-- PROVIDED INFORMATION --

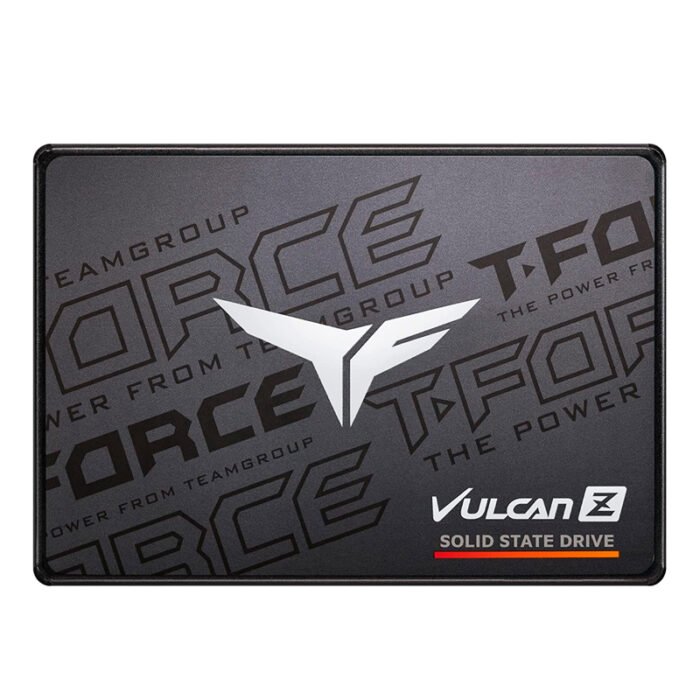 ssd512gtfvulcz3 ssd512gtfvulcz3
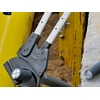 Kép: CABLE CUTTERS.webp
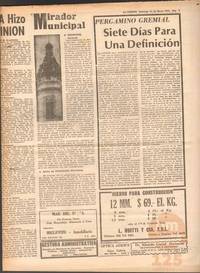 19105 (10)_ds.jpg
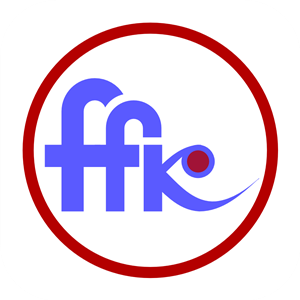 Logo Design by Josian for Spartan Fit Kits | Design: #3016872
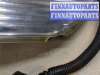 купить Фонарь (задний) на Nissan X-Trail (T32) 2013-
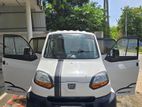 Bajaj Qute sales 2020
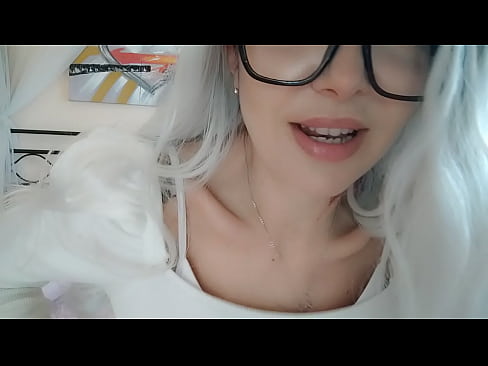❤️ stepson, toqgħodx mistħija! erezzjoni hija normali. Stepmother titgħallem tikkontrolla ruħha ❤ Video anali f'mt.javdoe.top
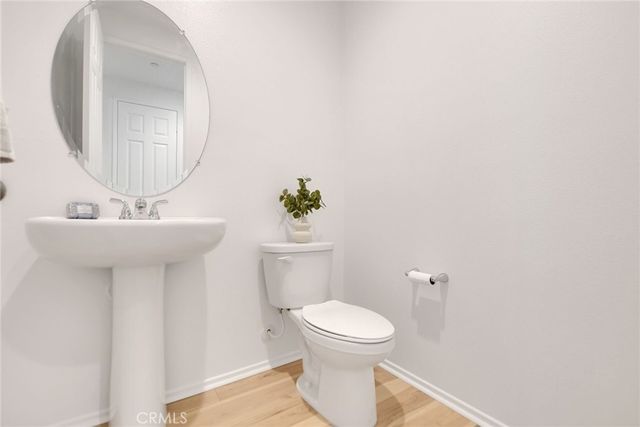 352 Lilly, Rialto, CA 92376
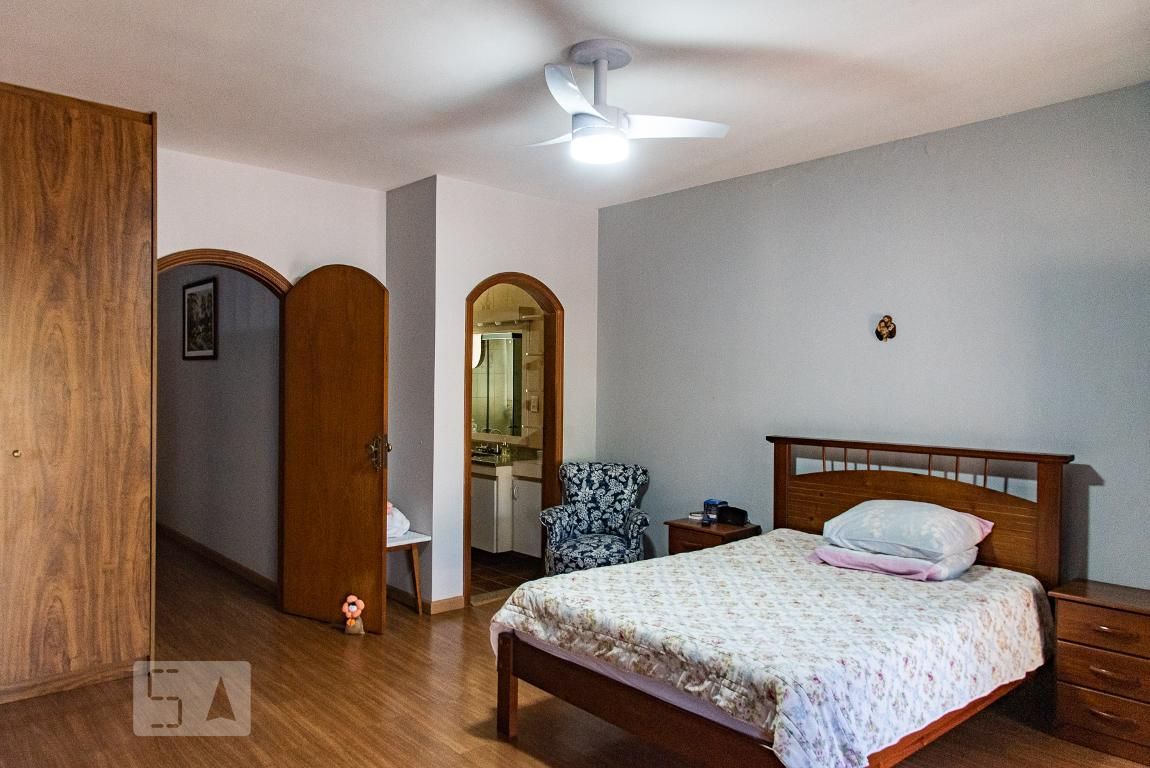 Casa, 3 quartos, 330 m² - Foto 19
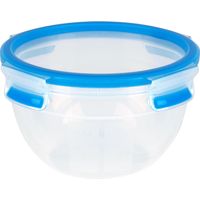 EMSA Frischhaltedose Clip & Close 1,1l rund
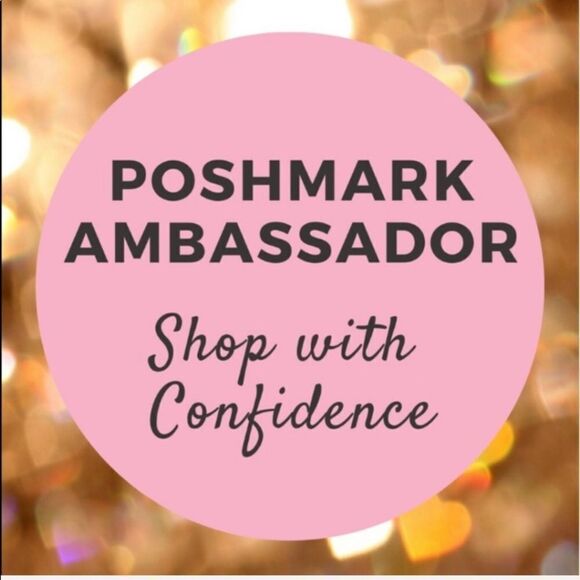 K Bundle & save on shipping! - Picture 4 of 6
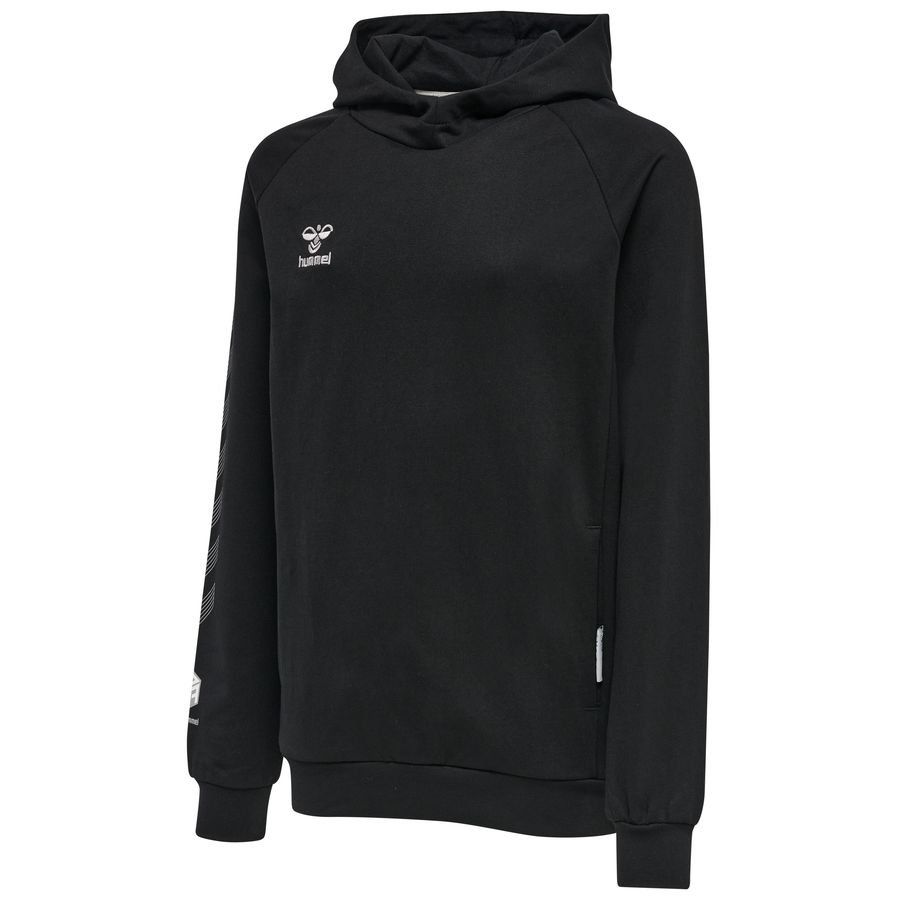 Sweat à capuche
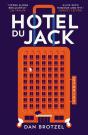 Hotel Du Jack - Preview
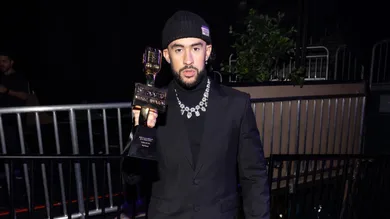 Billboard Latin Music Awards 2023 - Backstage and Audience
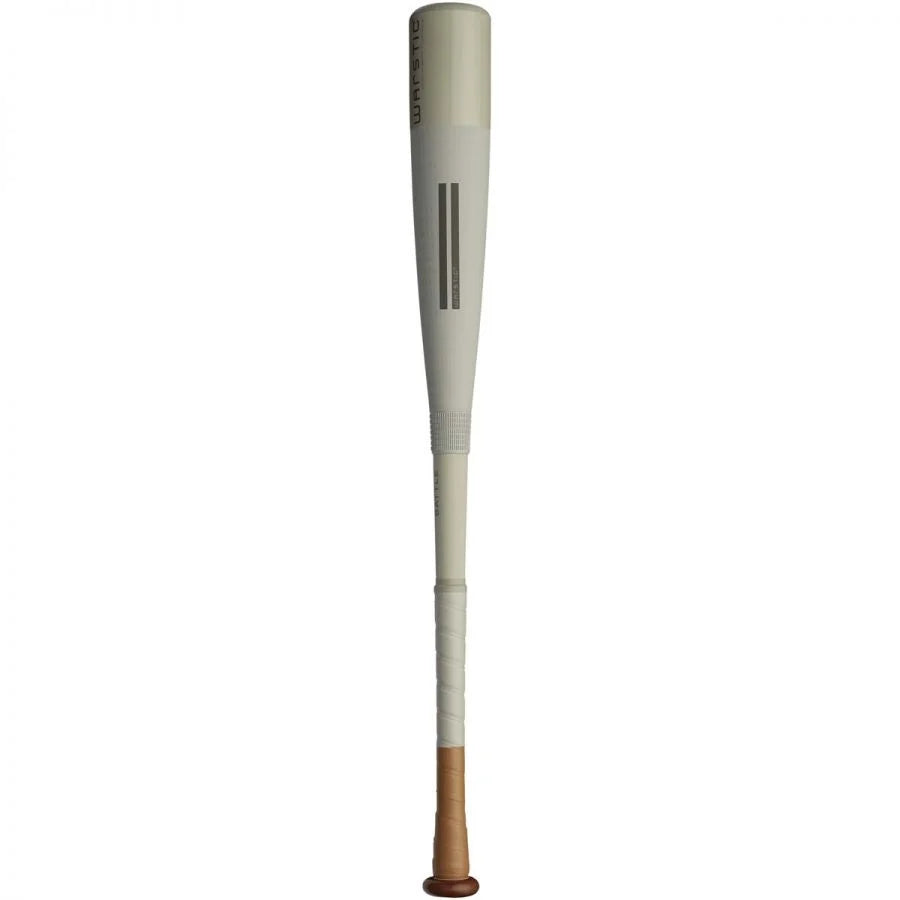 Warstic 2022 Gunner 2 3/4" Barrel -10 Baseball USSSA Bat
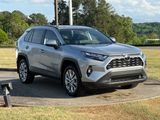 Used 2024 Toyota RAV4 SUV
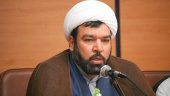 پیگیری نماینده ساوه جهت تخصیص منابع برای احداث ساختمان مستقل جهاددانشگاهی در این شهرستان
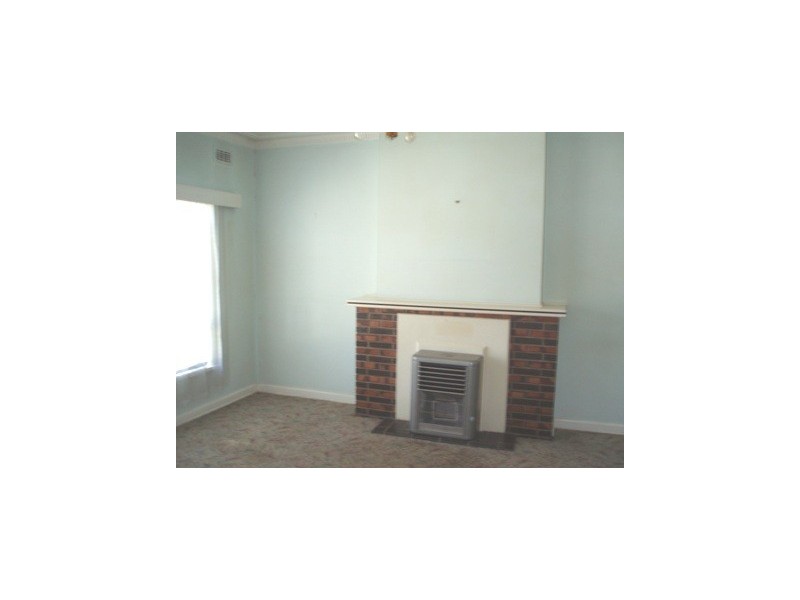 14 Hutton Street, Dandenong VIC 3175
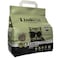 Bentonite Green Scent Cat Litter 5L &ndash; Pine &amp; Vetiver Fresh Fragrance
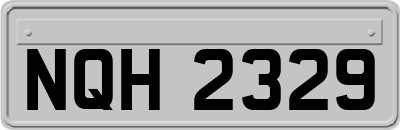 NQH2329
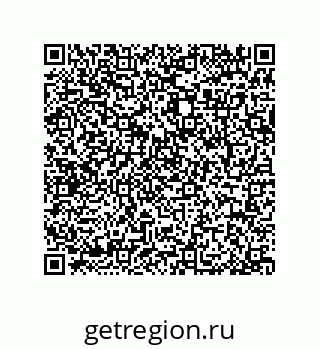 79064095951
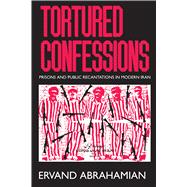 Tortured Confessions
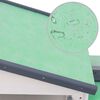 Produkt-Miniaturbild 6 von 10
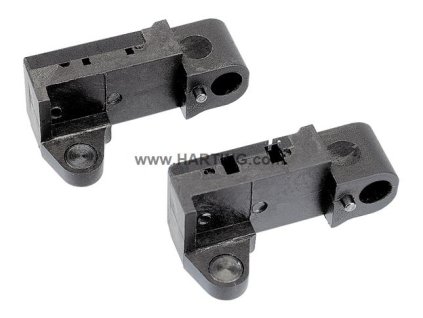 09990000630 631 20220823 091117228 L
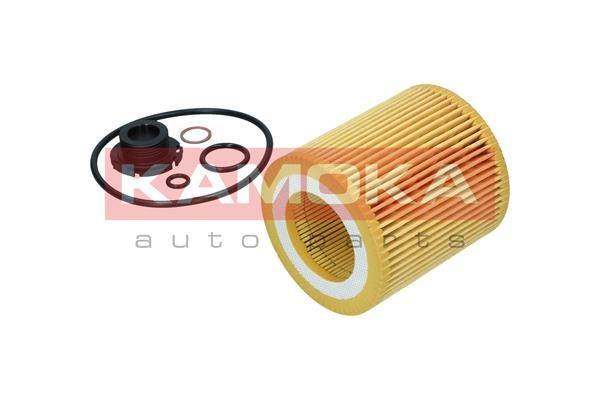 140847011871786620220120-13334-ym9lyz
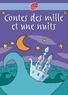  Anonyme - Contes des mille et une nuits.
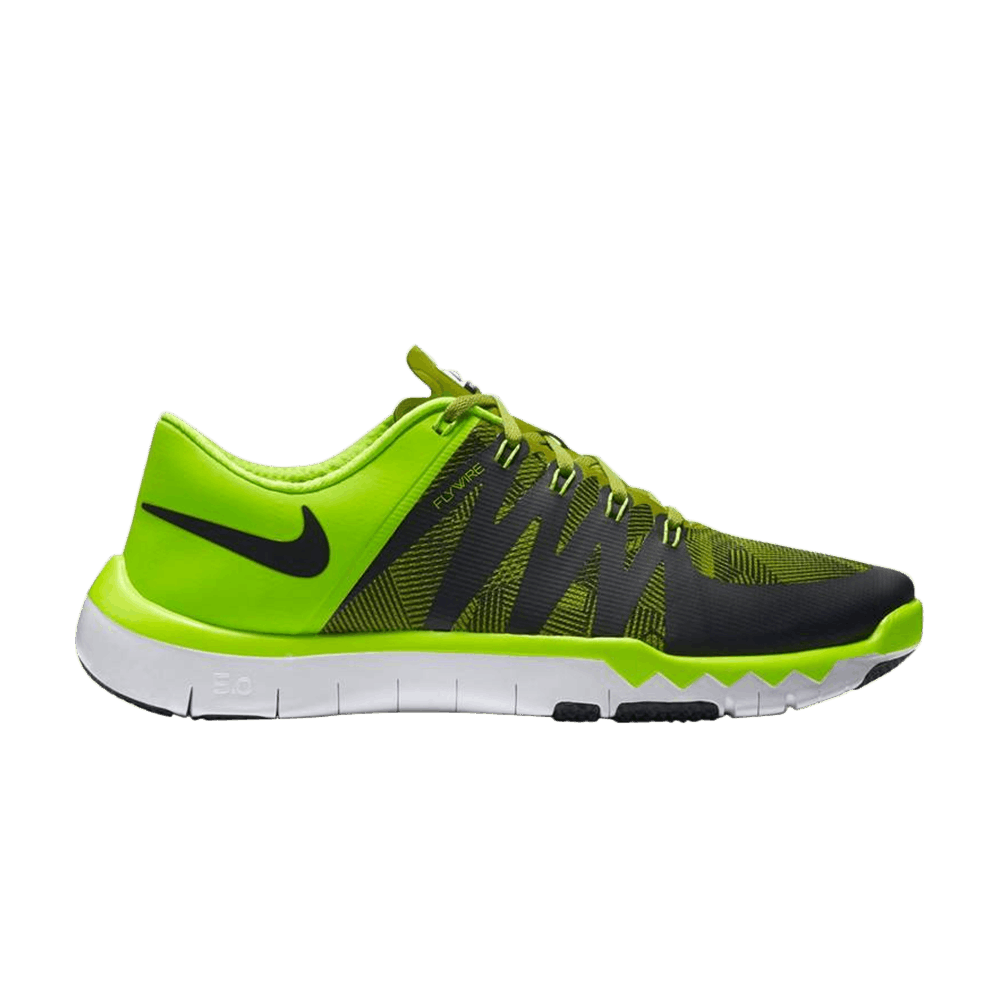 nike free 5.0 v6 womens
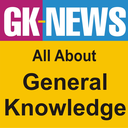 gk-news-blog
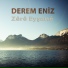 Derem Eniz feat. Almast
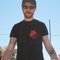 Colum8_thumb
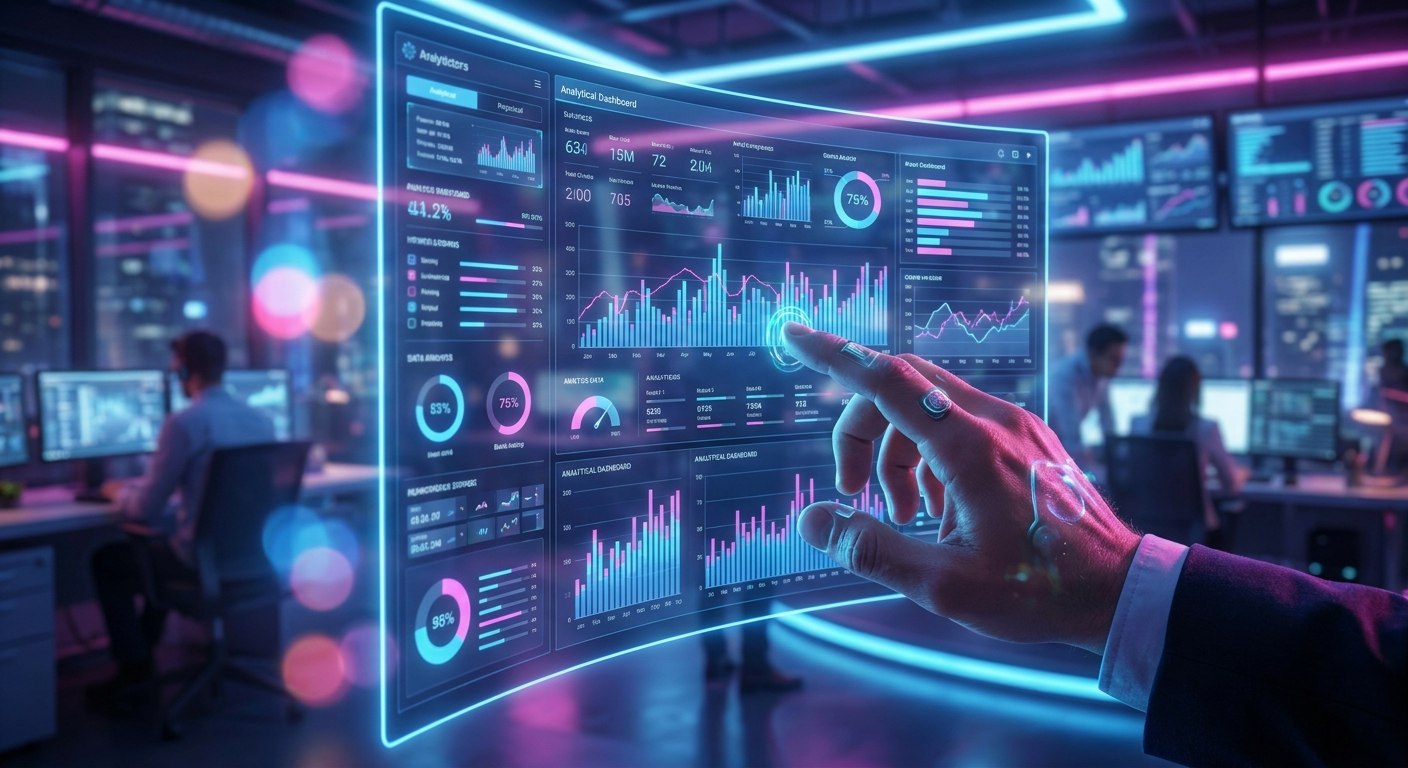 Основные показатели в Google Analytics и Яндекс Метрике: как не запутаться в отчетах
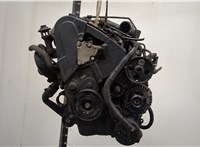  ТНВД Peugeot 406 1999-2004 11372973 #1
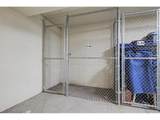 9258 Rockhurst St - Photo 26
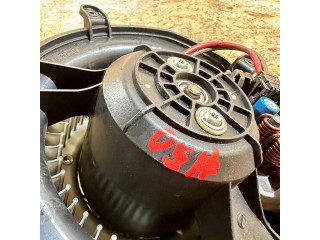 Вентилятор печки    A2308210251, 9140010471   Mercedes-Benz E W211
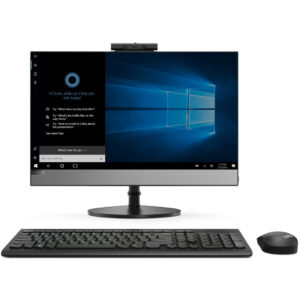 Ordinateur Tout-en-un Lenovo V530-22ICB (10US00LWFM)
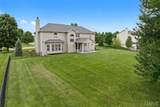 1011 Lyonshall Boulevard - Photo 47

-- WORK REQUIRED --
Exactly the lines from the top of the listing through the line holding "Billboard Latin Music" should be repeated, with pictures left out.

-- PROBLEM SOLUTION --
 ssd512gtfvulcz3 ssd512gtfvulcz3
 Kép: CABLE CUTTERS.webp
 19105 (10)_ds.jpg
 Logo Design by Josian for Spartan Fit Kits | Design: #3016872
 купить Фонарь (задний) на Nissan X-Trail (T32) 2013-
 Bajaj Qute sales 2020
❤️ stepson, toqgħodx mistħija! erezzjoni hija normali. Stepmother titgħallem tikkontrolla ruħha ❤ Video anali f'mt.javdoe.top
 352 Lilly, Rialto, CA 92376
 Casa, 3 quartos, 330 m² - Foto 19
 EMSA Frischhaltedose Clip & Close 1,1l rund
 K Bundle & save on shipping! - Picture 4 of 6
 Sweat à capuche
 Hotel Du Jack - Preview
 Billboard Latin Music Awards 2023 - Backstage and Audience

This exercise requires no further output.